Cuando los gobernantes no encuentran la salida a los problemas, es momento de repensar las soluciones; y, queramos o no, nos toca volver a vivir como en el inicio de la humanidad, donde los más fuertes están obligados a cuidar y proteger a los más débiles: a nuestros niños, ancianos y grupos vulnerables en general. Debemos adaptar las condiciones de una vida austera junto a los nuestros, sin ser presa fácil de la esclavitud que engloban las cosas materiales, en donde entendamos que: sólo la disciplina nos salvará, que la indisciplina nos mata fácilmente; que la arrogancia y terquedad de ciertas autoridades, sigue permitiendo caos fuera de nuestros mercados, donde el ingrediente perfecto es el desorden; y, que la inercia, hace más daño que la ignorancia en nuestros pueblos.

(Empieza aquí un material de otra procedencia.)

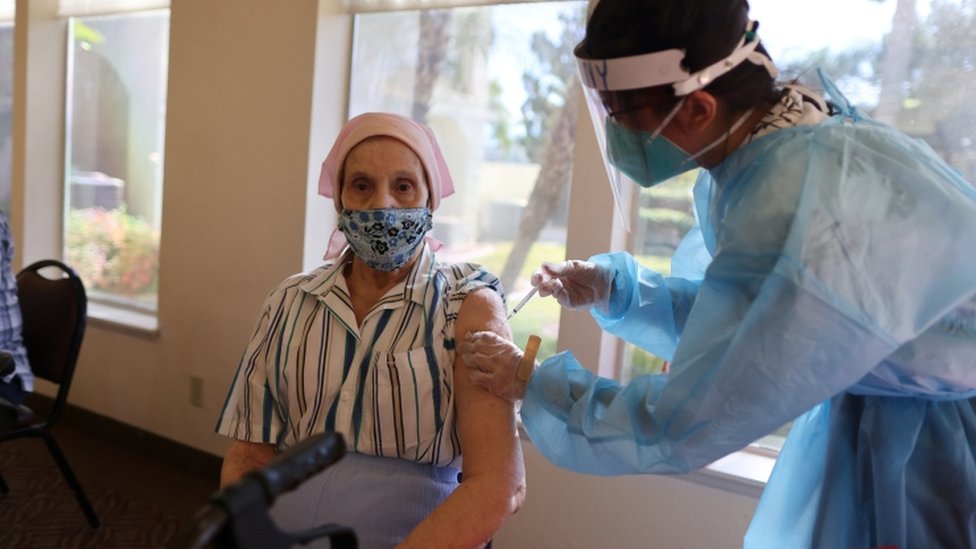 Korona virus: Kineska vakcina stigla u Srbiju, usporena isporuka Fajzerovih injekcija EU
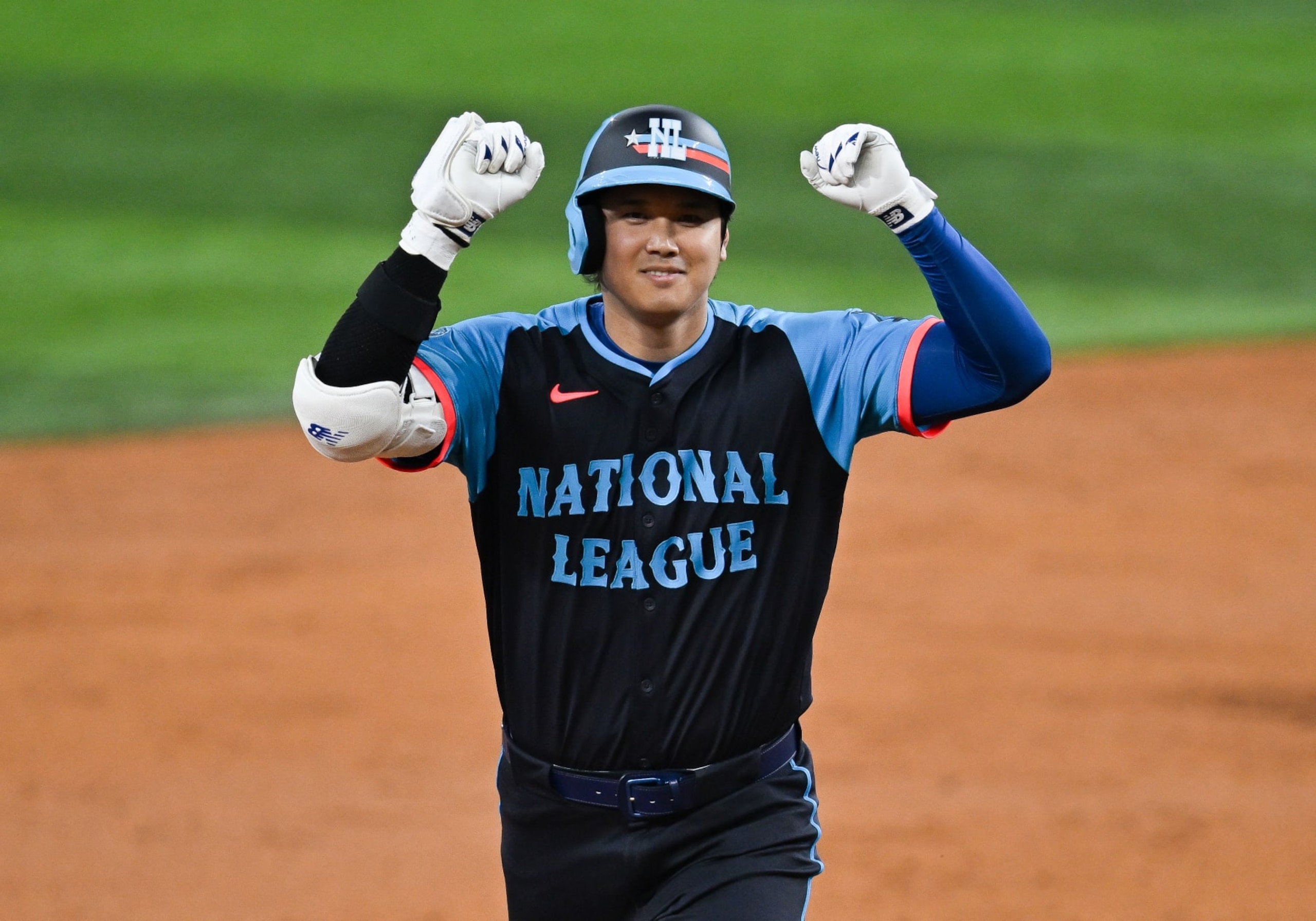 ARLINGTON, TEXAS - JULY 16: Shohei Ohtani #17 of Los Angeles Dodgers reacts after hits a three-run home run in the top of the third inning during the 94th MLB All-Star Game presented by Mastercard at Globe Life Field on July 16, 2024 in Arlington, Texas. (Photo by Gene Wang/Getty Images) ARLINGTON, TEXAS - JULY 16: Shohei Ohtani #17 of Los Angeles Dodgers reacts after hits a three-run home run in the top of the third inning during the 94th MLB All-Star Game presented by Mastercard at Globe Life Field on July 16, 2024 in Arlington, Texas. (Photo by Gene Wang/Getty Images)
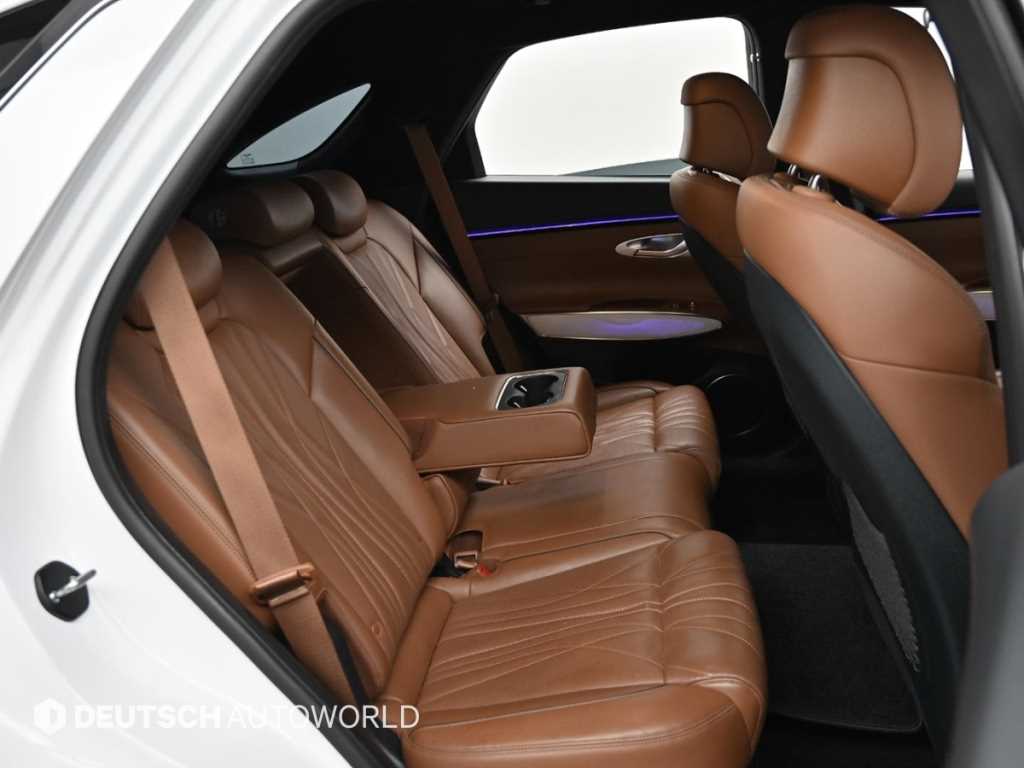 Genesis GV70 — photo 12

A lo largo de la historia: la humanidad ha sobrevivido a varias plagas, virus o epidemias; y, las pandemias asesinas se registran con mayor intensidad en la segunda década de cada siglo; sin embargo, cabe recordar que, por encima de todos los casos, la necedad del faraón, hizo que Egipto, se enfrente a 7 plagas, no sólo a 1. Al parecer, la historia misteriosamente se repite, la necedad, nos está aniquilando severamente; y, nos preguntamos, si estos contagios extraños, que generan terribles enfermedades masivas, se propagan e incrementan rápidamente ¿por qué no nos quedamos en casa? O ¿por qué no se toman medidas más drásticas?
¿Acaso con nuestra conducta inadecuada, pretendemos caotizar más el problema? Qué vamos a decir en corto tiempo, si sobrevivimos por supuesto, cuando lloremos a nuestros muertos: que era difícil adaptarnos a las circunstancias; que jamás comprendimos que para hablar de alimentos, trabajo y de economía, primero tenemos que cuidar la salud y la vida. Si vemos que están en jaque los sistemas de salud de todo el mundo, acaso, estamos esperando que el nuestro colapse, para disputarnos las camas de un hospital. Por favor Reaccionemos, aún estamos a tiempo de ser parte de la solución y no del problema, porque el silencio y la indiferencia mata más gente. De la conducta de cada uno, depende el destino de todos, decía Carlo Magno. Si otros salen, por amor a nuestra familia, quedémonos en casa.